There is something endearing about this eminent man’s willingness to portray himself, at times, as awkward and ill-prepared: it makes you believe more readily in the awfulness of some of his interviewers, as he drags his portfolio and photographs of eccentric sculptures before a series of lordly figures. This in a world, remember, where much judgement is absurdly subjective and a good deal more is driven by fashion. Blagging his way into Goldsmiths in 1967 he is asked about the title of his “Drunken Clergyman” piece: he was clearly a forerunner of the BritArt, Damien Hirst mania for long pretentious titles. He panics and evokes Wittgenstein, about whom he knew nothing except that “he furnished his house with deckchairs”. Asked about the philosophical implications of a title integral to the work yet not represented in it, he goes for “the genius bullshit reply”. He informs the Austrian psychologist of art Dr Ehrensweig that the weakness of linguistic philosophy is “trying to study words whilst using then. That’s why I investigate in sculpture”.
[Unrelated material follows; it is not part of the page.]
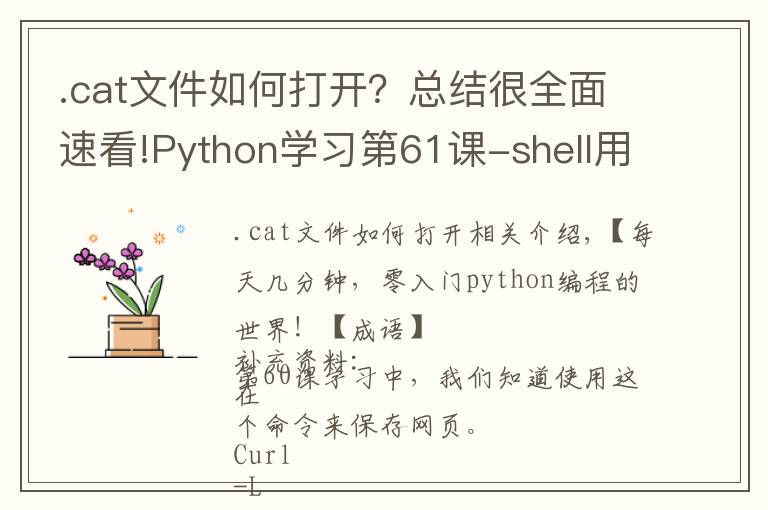 .cat文件如何打开？总结很全面速看!Python学习第61课-shell用cat和less打开文件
Thence to the Slade, and teaching. The interviews are rich in clues to the changes in the art world: Falmouth College in 1970 asking whether “girl students” will ever be strong for sculpture – “all these big things now being expected, you know?” Grylls cites Hepworth and Frink, but all the time is worried about his travel expenses. He has more luck over the cucumber sandwiches at a Cambridge college, asked whether he plays croquet, but is warned at interview by the head of the art department that the female Principal had objected to 6-foot high drawings of “great big cunts” even though they were “searching and serious studies just trying to be fearless”. Grylls is approved by Dame Beryl which is a relief because his other job is driving a lorry full of central heating components.
Despite many happy outcomes, a sense emerges of how ill-fitting – yet how vital to survival – is the relationship between artists and institutions. A useful thing to be reminded of."